### REQUIRED WORK:
Set out exactly, and only, the lines running from the one containing "1 pieza Raspador" to the bottom of the listing below; pictures stay out.

### RECORDS TO PROCESS:
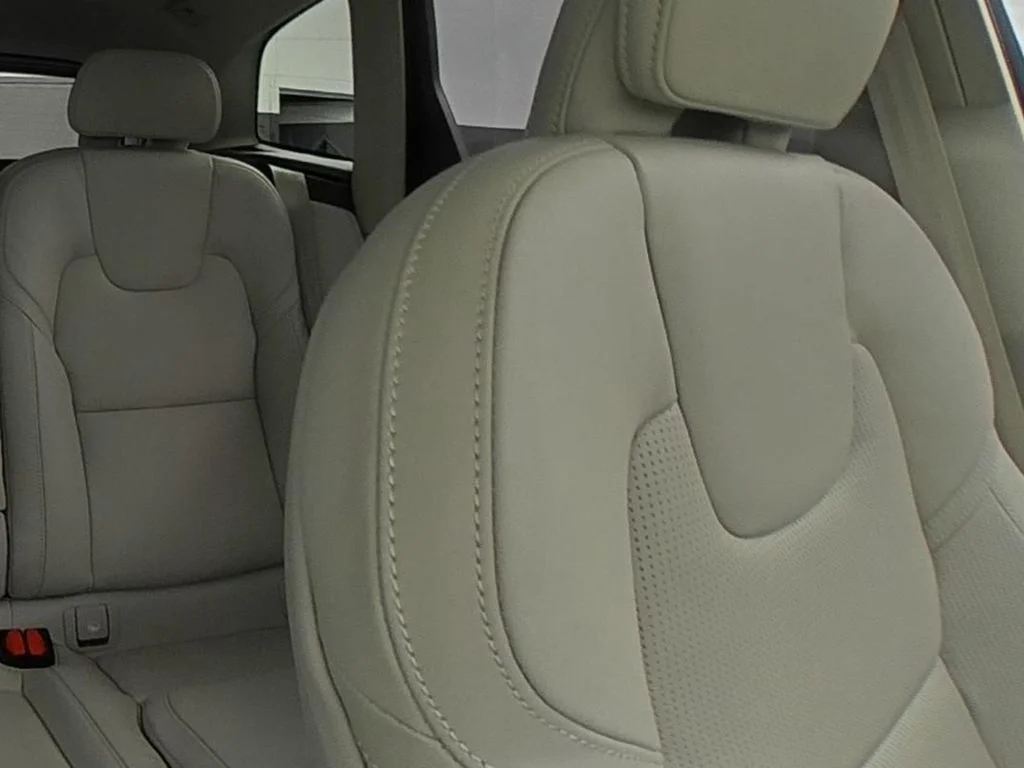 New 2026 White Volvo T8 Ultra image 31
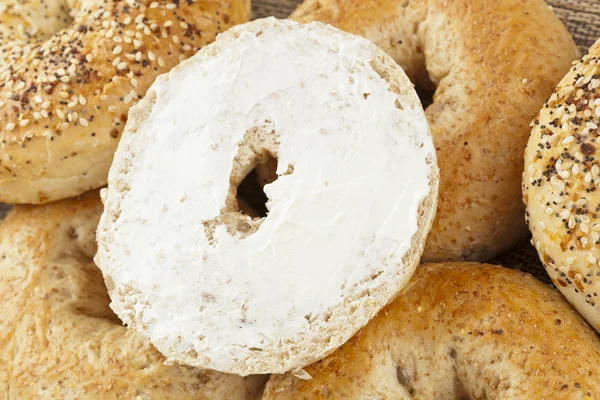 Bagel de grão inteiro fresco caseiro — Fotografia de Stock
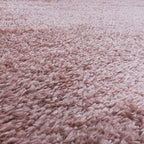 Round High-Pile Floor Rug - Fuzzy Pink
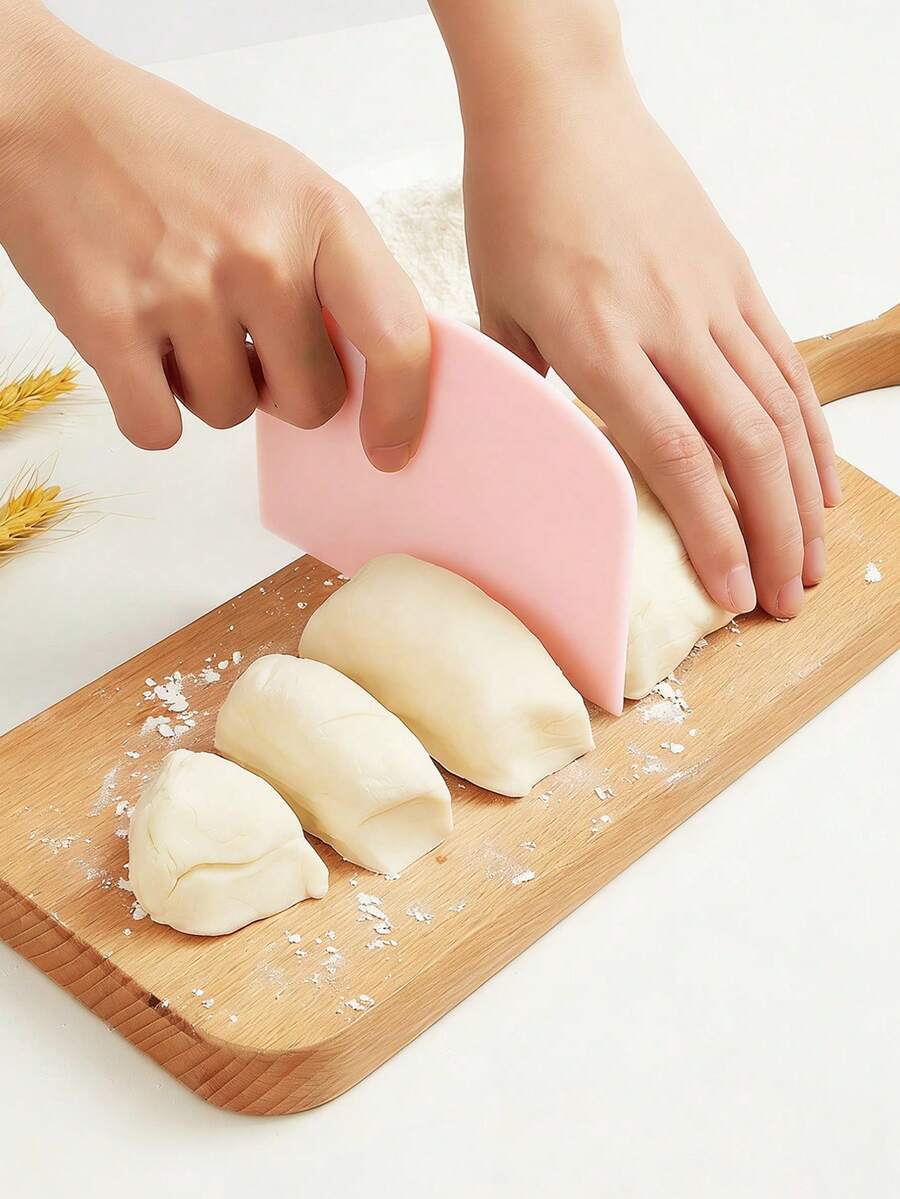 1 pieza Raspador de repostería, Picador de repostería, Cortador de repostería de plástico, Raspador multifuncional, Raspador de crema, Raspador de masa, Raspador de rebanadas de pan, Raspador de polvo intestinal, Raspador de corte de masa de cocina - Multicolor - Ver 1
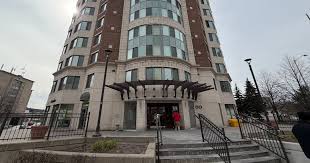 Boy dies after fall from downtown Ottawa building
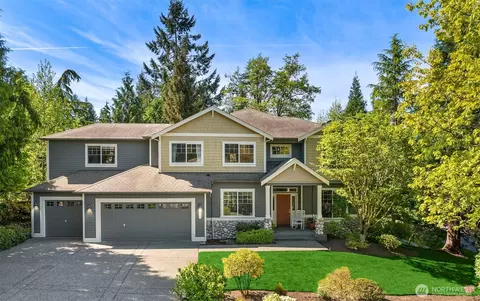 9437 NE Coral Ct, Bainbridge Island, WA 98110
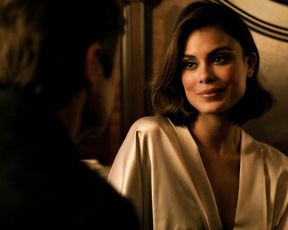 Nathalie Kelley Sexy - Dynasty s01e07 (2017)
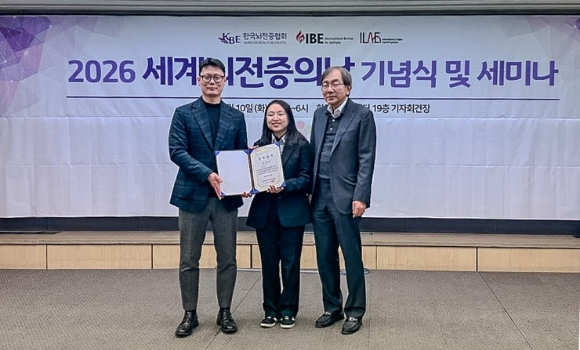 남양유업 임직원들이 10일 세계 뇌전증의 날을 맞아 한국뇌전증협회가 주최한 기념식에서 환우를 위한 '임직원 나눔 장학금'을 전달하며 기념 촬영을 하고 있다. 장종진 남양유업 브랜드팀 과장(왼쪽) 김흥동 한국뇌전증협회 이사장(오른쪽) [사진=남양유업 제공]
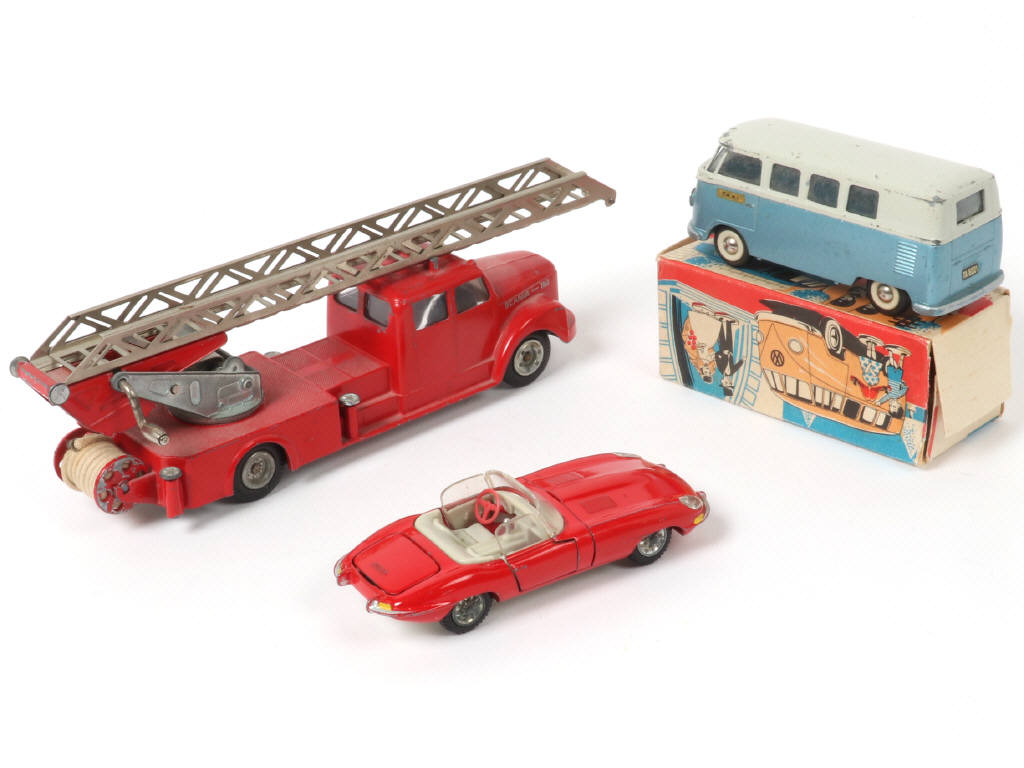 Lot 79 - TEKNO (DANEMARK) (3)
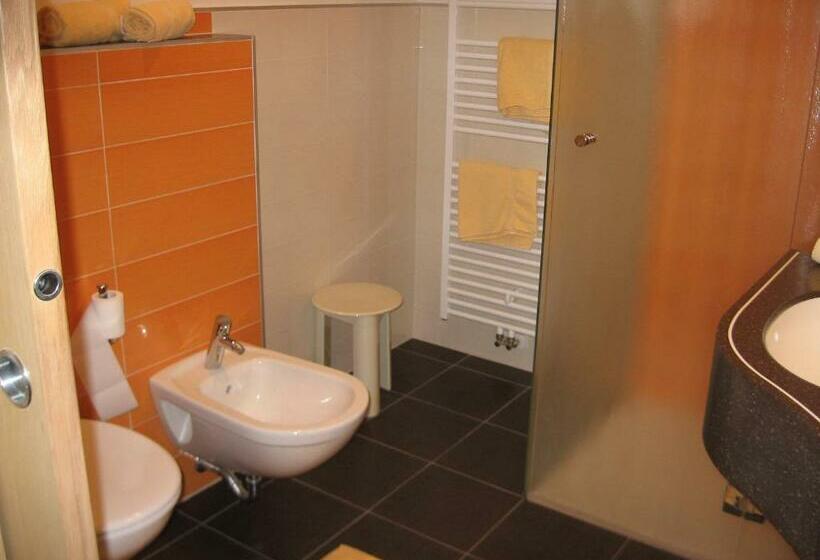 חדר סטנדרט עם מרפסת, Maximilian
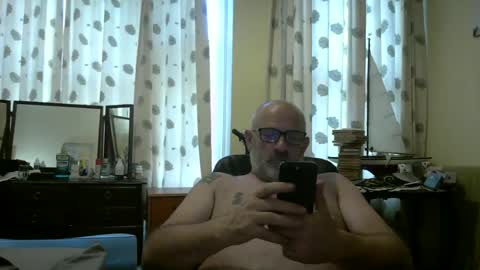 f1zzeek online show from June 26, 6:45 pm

### TASK ANSWER:
 1 pieza Raspador de repostería, Picador de repostería, Cortador de repostería de plástico, Raspador multifuncional, Raspador de crema, Raspador de masa, Raspador de rebanadas de pan, Raspador de polvo intestinal, Raspador de corte de masa de cocina - Multicolor - Ver 1
 Boy dies after fall from downtown Ottawa building
 9437 NE Coral Ct, Bainbridge Island, WA 98110
 Nathalie Kelley Sexy - Dynasty s01e07 (2017)
 남양유업 임직원들이 10일 세계 뇌전증의 날을 맞아 한국뇌전증협회가 주최한 기념식에서 환우를 위한 '임직원 나눔 장학금'을 전달하며 기념 촬영을 하고 있다. 장종진 남양유업 브랜드팀 과장(왼쪽) 김흥동 한국뇌전증협회 이사장(오른쪽) [사진=남양유업 제공]
 Lot 79 - TEKNO (DANEMARK) (3)
 חדר סטנדרט עם מרפסת, Maximilian
 f1zzeek online show from June 26, 6:45 pm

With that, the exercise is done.